Bael caminó hacia el grupo mientras se reía. Todos los miembros del grupo sacaron sus armas para vigilar a Bael.
«Todos atrás», dijo Kang-Woo.
«¿Perdón?»
«Pero…
Los miembros del grupo miraron a Kang-Woo confundidos.
Kang-Woo dijo con firmeza: «Tengo que ser yo quien se enfrente a él».
Para ser más precisos, era el único que podía. Así de poderoso era Bael.
«¡Hurgh~! Tío, echaba de menos esta sensación». Bael se estiró y miró tranquilamente a Kang-Woo. Preguntó con una sonrisa: «Ah, claro, ahora que lo pienso, ¿has oído hablar de algo llamado… la profecía del Árbol del Mundo?».
Se hizo el silencio ante la repentina pregunta de Bael. Los miembros del grupo se estremecieron. ¿Por qué Bael mencionaba la profecía que sólo habían oído de Elune antes de venir aquí?
«Es que no entiendo esa profecía por muchas veces que me la repita en la cabeza, ¿no te parece?». Bael miró fijamente a Kang-Woo con los ojos profundamente hundidos. «Ya que… no eres el Demonio de la Profecía».
«¿Qué?»
«Es verdad, ¿no?». Bael ladeó la cabeza. «El Demonio de la Profecía… ¡¡¡El pináculo de todos los demonios que traerán la perdición a este mundo…!!!» Extendió los brazos y pisó fuerte. «¡No eres tú! ¡Soy yo!»
Continuó como si estuviera cantando, con la voz llena de locura: «¿Eh? ¿No crees tú también? ¿No lo crees? Crees que soy yo y no tú, ¿verdad?».
Crack, crack.
La cabeza inclinada de Bael fue más allá de su rango normal de movimiento. La coronilla le llegaba al pecho como si se hubiera roto el cuello.
«Hihi, ¿estás enfadado?» preguntó Bael con una sonrisa. «¿Estás enfadado porque no eres el Demonio de la Profecía, porque no eres el pináculo de todos los demonios? ¿Eh? Hihi, seguro que sí, ¿verdad?

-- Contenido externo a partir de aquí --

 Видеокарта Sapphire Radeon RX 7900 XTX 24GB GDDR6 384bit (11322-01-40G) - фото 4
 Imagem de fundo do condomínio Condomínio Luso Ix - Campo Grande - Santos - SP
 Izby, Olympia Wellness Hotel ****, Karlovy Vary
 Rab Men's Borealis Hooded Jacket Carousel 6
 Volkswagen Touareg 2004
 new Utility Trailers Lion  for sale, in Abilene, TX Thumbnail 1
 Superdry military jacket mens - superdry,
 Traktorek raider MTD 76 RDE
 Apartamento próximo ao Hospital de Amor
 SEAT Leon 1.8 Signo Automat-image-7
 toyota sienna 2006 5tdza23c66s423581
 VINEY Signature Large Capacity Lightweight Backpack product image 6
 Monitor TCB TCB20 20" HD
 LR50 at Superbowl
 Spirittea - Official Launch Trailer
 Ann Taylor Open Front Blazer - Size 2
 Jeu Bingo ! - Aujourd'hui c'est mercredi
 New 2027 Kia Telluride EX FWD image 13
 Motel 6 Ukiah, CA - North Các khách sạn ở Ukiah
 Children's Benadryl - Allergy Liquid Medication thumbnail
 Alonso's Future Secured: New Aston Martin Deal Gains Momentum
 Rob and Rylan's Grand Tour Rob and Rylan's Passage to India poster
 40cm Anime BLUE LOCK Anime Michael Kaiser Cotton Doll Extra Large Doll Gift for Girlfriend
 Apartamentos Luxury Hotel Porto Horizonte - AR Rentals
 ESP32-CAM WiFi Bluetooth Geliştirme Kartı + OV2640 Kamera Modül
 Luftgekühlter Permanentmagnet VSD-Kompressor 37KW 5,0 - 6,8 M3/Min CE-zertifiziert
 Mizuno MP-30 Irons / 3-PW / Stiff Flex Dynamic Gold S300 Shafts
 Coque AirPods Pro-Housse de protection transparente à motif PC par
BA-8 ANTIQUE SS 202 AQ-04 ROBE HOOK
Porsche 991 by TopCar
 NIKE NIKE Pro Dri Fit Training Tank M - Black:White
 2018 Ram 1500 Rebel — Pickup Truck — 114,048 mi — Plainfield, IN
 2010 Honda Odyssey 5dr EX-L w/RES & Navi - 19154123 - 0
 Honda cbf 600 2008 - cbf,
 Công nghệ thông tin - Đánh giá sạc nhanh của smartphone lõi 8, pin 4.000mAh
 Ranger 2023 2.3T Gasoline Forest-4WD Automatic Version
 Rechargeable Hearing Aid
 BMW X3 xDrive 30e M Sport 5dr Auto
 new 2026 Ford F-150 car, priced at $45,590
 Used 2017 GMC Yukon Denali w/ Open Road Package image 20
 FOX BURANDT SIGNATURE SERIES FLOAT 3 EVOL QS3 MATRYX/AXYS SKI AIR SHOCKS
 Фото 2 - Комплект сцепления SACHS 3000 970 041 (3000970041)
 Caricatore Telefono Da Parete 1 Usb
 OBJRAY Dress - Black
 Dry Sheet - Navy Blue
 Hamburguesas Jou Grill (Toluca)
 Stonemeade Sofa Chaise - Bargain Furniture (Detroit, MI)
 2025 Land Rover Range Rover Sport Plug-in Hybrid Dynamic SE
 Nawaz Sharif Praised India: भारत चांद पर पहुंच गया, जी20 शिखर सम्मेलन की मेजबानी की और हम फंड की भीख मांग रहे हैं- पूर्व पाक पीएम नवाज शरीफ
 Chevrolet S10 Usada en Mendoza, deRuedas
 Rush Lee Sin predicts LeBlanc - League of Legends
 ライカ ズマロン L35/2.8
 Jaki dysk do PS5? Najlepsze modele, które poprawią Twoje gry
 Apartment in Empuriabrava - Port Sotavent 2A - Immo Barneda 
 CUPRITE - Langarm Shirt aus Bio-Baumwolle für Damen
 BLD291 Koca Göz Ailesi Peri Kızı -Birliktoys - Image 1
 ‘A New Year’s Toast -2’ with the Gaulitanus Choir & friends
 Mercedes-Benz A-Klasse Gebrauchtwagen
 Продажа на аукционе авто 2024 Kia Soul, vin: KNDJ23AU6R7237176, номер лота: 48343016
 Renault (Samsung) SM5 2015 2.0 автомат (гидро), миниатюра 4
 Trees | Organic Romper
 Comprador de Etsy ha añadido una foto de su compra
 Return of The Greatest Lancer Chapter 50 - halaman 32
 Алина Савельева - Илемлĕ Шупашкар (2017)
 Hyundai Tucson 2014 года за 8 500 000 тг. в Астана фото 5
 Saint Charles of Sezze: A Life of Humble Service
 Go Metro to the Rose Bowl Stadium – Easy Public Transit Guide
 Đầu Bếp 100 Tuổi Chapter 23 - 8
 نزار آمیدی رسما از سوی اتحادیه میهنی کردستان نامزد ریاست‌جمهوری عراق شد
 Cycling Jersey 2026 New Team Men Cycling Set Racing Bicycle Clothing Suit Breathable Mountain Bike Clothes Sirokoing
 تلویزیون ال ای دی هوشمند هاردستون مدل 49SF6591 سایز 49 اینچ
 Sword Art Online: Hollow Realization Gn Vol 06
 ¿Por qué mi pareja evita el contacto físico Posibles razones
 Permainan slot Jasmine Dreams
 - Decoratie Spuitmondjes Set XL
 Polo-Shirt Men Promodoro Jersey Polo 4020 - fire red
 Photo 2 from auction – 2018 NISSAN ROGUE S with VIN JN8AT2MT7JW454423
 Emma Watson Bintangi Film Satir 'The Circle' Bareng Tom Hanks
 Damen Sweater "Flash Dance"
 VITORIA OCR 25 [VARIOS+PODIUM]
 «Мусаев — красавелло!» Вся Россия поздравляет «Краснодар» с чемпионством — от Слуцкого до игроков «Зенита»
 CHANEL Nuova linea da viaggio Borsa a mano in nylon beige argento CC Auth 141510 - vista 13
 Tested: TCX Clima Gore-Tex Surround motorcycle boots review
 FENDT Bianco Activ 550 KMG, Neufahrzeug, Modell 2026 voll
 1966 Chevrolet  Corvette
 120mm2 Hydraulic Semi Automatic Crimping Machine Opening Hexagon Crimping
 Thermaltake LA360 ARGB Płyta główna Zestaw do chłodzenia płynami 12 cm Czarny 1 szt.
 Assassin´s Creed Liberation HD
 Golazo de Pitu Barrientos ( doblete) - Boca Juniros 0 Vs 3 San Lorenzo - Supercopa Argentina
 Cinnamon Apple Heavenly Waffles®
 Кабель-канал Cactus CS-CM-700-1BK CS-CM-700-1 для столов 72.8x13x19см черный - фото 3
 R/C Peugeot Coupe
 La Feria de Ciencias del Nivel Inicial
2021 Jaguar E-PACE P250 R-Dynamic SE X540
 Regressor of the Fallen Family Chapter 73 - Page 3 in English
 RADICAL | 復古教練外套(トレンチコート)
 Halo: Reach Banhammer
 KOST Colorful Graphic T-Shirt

No puedes contener tu rabia, ¿verdad?».
Bael estalló en una carcajada enloquecida y gritó: «¡No eres…! ¡¡Nada!! Tú… Tú… Tú… ¡¡¡TUUUUUUUU!!! NO ERES NADA!!!!»
Alas gigantes de murciélago brotaron de la espalda de Bael. Seis colas negras crecieron de su rabadilla y golpearon el suelo como un látigo.
«¡No eres tú, sino yo! ¡Soy más asombroso que tú! ¡Soy más grande que tú! ¿Entiendes? ¿Lo entiendes?» Bael miró a Kang-Woo con profundo y ardiente resentimiento. Gritó como si estuviera desesperado: «¿Por qué no dices algo? ¿Eh? DI ALGO!!!»
«Sí, vale». Kang-Woo asintió. «Sí, eres el Demonio de la Profecía. Eres el más grande. Eres el demonio que llevará este mundo a su fin, el pináculo de todos los demonios, y el demonio más fuerte de todos los tiempos.»
«¿Eh?» Bael ladeó la cabeza confundido, no se esperaba este tipo de respuesta.
«¡Pfff! Bwehehehehehe!
Kang-Woo reprimió la risa con todas sus fuerzas. Esta era la puntuación de todas las puntuaciones.
‘¡Joder, jaja! Has oído eso, ¿verdad? ¿Eh? ¡El hijo de puta ha dicho que es el Demonio de la Profecía! ¡No yo, sino él! Lo sabía, joder. Debería haber sabido desde el primer momento que me estaban incriminando como el Demonio de la Profecía. Nunca haría algo como acabar con el mundo’.
Riiing.
[El Árbol del Mundo dice que el Demonio de la Profecía es el Jugador Oh Ka-]
¡Hahaha! ¡Si! ¡No fui yo!
[Jugador Oh Kang-W-]
¡¡¡Nunca fui yo!!!
[Estoy diciendo que es y-]
«Sí, ya veo.» Kang-Woo miró a Bael con sed de sangre. Luego se volvió hacia Layla y le dijo: «Por favor, házselo saber a Lady Gaia. El Demonio de la Profecía era… Bael».